Following Maryland’s 33-13 loss to the Yellow Jackets, Petty spoke with impressive self-awareness, especially for a linebacker-turned-quarterback who, as a true freshman, had only practiced seven times at the position before being thrown squarely into the fire.
He knew that, on the Terps’ first play from scrimmage, he had any number of receivers open downfield on play-action with a stacked box, but held on to the football just a split second too long and absorbed a sack.
He knew that losing one fumble and nearly losing another was unacceptable, just like trying to force a laser attempt to Stefon Diggs in the end zone that got tipped and intercepted, rather than putting touch on the pass and floating it over a pass rusher.
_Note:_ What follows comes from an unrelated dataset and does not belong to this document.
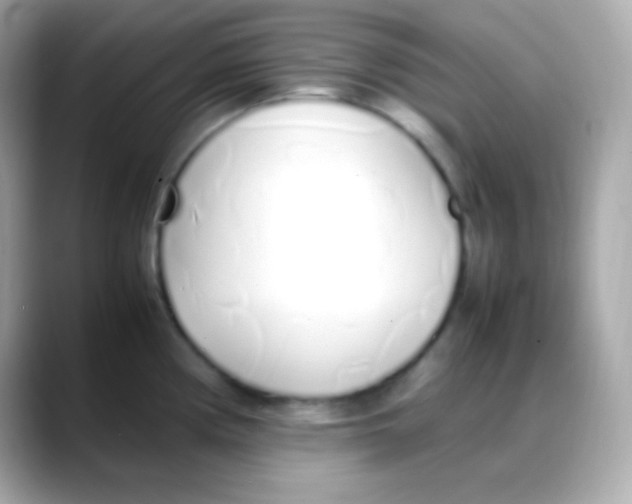 X0000088151194200706042023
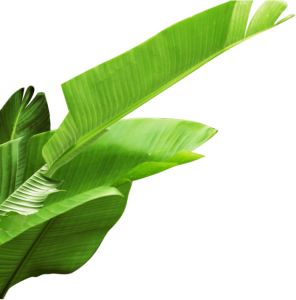 Tropical Banana Leaves Green Plant PNG Image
“Coming out the first game, I was timid and slow,” Petty said Tuesday. “You just have to speed up and play hard. Coach already tells me: ‘You can’t turn the ball over. Keep the ball high and tight.’ Says that a lot in practice.”
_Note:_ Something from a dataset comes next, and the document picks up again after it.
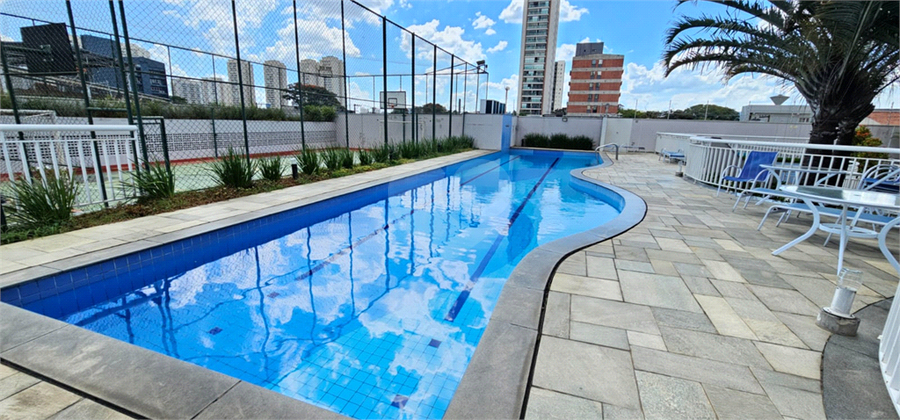Foto REO478704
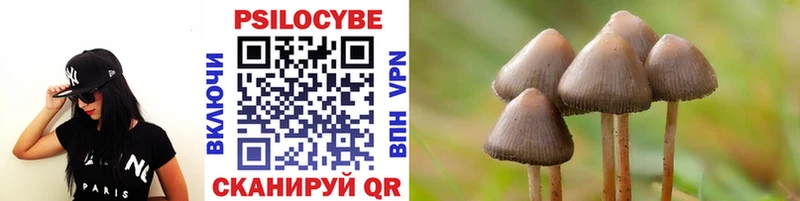 Псилоцибиновые грибы ЛСД наркотики Кудымкар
His ailing predecessors – C.J. Brown, Perry Hills, Devin Burns and Caleb Rowe, in order of occurrence of their respective season-ending injuries – have each lent a hand to help Perry navigate through the terminologies, reads and mental preparedness.
“Yes, I’m enjoying it, but it was a tragedy the way I became the quarterback,” Petty said. “They went down, which gave me this spot. Just working hard every day, in the film room and on the practice field, so we can move forward. It’s a tragedy that we have to lose players. Then again, we play with the next-man mentality. Our coaches installed that in my head. We always have to be ready to play, no matter who it is.”
But the task gets astronomically tougher Saturday in Death Valley against No. 10 Clemson, which has a hungry defense and is eager to prove it deserves a BCS at-large bid. As Edsall has been quick to note, Petty’s second half against the Yellow Jackets was far better than his first half, especially as the Terps catered the offense even more to suit his skills.
“In terms of executing, we did not have any delay of games or any illegal procedures,” Edsall said. “He did a good job of getting us in and out of the huddle and I thought he made some good reads. He missed some, but given the situation, with only seven practices I think he did a good job. We just need to get him better for this week, because with the speed and athleticism [of Clemson] the game isn’t going to get any slower.”